If you have a laptop or desktop computer, you probably use a 8086-based CPU, or one implementation of x86 family to be exact. For example, I have a Lenovo laptop with a Core i5 CPU, which is based on x86 architecture. In this article, I want to talk about x86 architecture, and to explain how it works, I just start with the simplest one : 8086.
8086, is probably the first general-purpose processor made by Intel. This is why it’s famous, and in a lot of cases, people prefer to use it or study it. Everything is well-documented and also there are billions of tutorials and examples on how to use it! For example, if you search for “Interfacing Circuits”, you will find a lot of 8086-based computers made by people, connected to interface devices such as monitors, keyboards or mice.
Before we start reverse engineering, and make our simple x86-compatible computer, let’s take a look on the machine code structure of 8086. In this case, we just review Register addressing mode, because this mode is easier to understand or re-implement.
In this case, we can only take a look on a two-byte (or 16 bit) instruction code. Our instruction code looks like this :
Byte 1 | Byte 0 |
---|---|
|Opcode|D|W| | |MOD|REG|R/M| |
What are these? and why we should learn this? As we want to reverse engineer 8086 architecture and learn how it works, we need to know how this processor can understand programs! So, let’s check what are those fields in these bytes :
- Opcode : a 6-bit number, which determines about operation (for example ADD, SUB, MOV, etc. )
- D : Determines source or destination operand. To make reverse engineering process simple, we consider that as constant 1. So, REG field in byte 0 is always destination.
- W : Determines data size, and like D, to make reverse engineering process simple, we consider it as a constant 1. So, we only can do operations on 16 bit numbers.
- MOD : Determines mode, as we decided before, we only model the register addressing mode, so we need to consider mode as constant 11.
- REG and R/M : REG shows us source, R/M shows us destination. Please pay attention, we made this special case because we are going to model register addressing mode. For other modes, we can’t consider R/M as destination.

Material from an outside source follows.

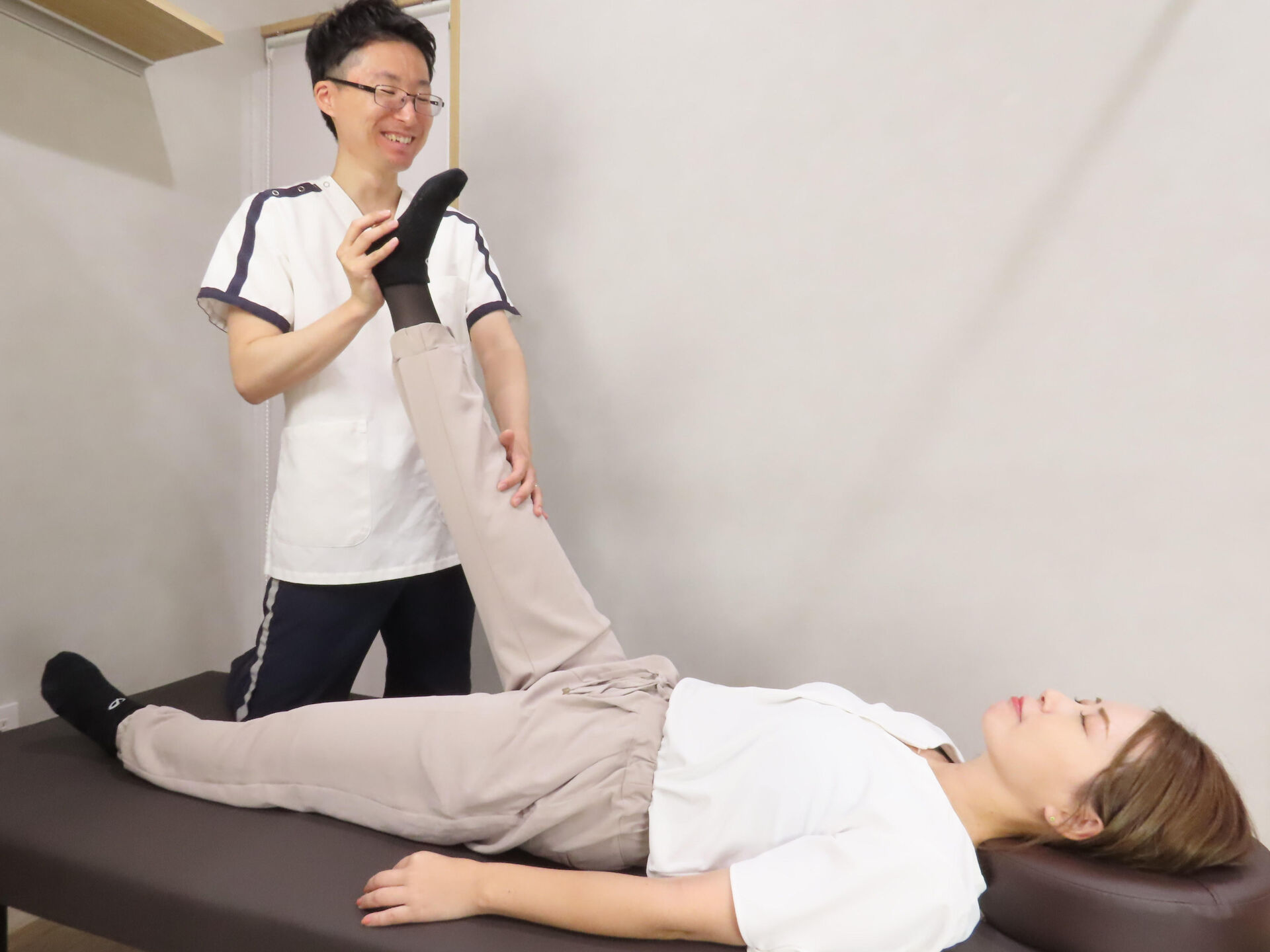 検査　下肢のｎストレッチ.jp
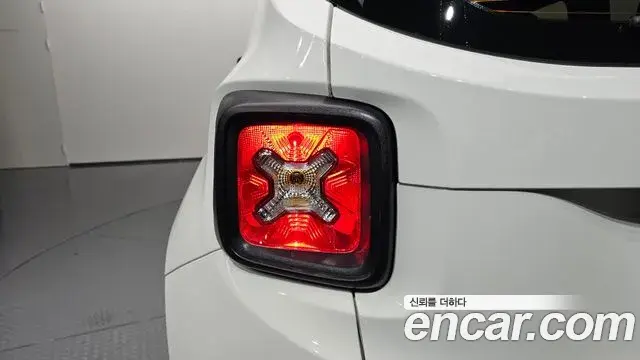 Jeep Renegade 2022 — Photo 8/32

Now, we learned how 8086 can understand programs, for now, we have some instruction code like this :
Opcode | D | W | MOD | REG | R/M |
---|---|---|---|---|---|
xxxxxx | 1 | 1 | 11 | xxx | xxx |
Let’s assign codes to our registers. As we decided to simplify our reverse engineering process, and also we decided to use only 16 bit registers, I prefer to model four main registers, AX, BX, CX and DX. This table shows us codes :
Code | Register |
---|---|
000 | AX |
001 | CX |
010 | DX |
011 | BX |
As you can see, now we are able to convert instructions to machine code. To make reverse engineering process even simpler, we can ignore “MOV”, but I prefer to include MOV in my list. So, let’s find opcodes for MOV, ADD and SUB.
Opcode | Operation |
---|---|
100010 | MOV |
000001 | ADD |
010101 | SUB |
Now, we can convert every 8086 assembly instruction using the format we have. For example this piece of code :
MOV AX, CX MOV BX, DX ADD AX, BX
Now, if we want to convert this piece of code to machine code, we have to use the tables we made. Now, I can tell you these codes will be :
1000101111000001 => 0x8bc1 1000101111011010 => 0x8bda 0000011111000011 => 0x07c3
Now, we can model our very simple x86-based computer. But a note to mention, this has a lot of bugs! For example, we can’t initialize registers, so we need to study and implement immediate addressing mode, also, we can’t read anything from memory (x86 is not a load/store architecture, and it lets people work with data stored in memory directly!). But I think, this can be helpful if you want to study this popular processor or do any projects with it.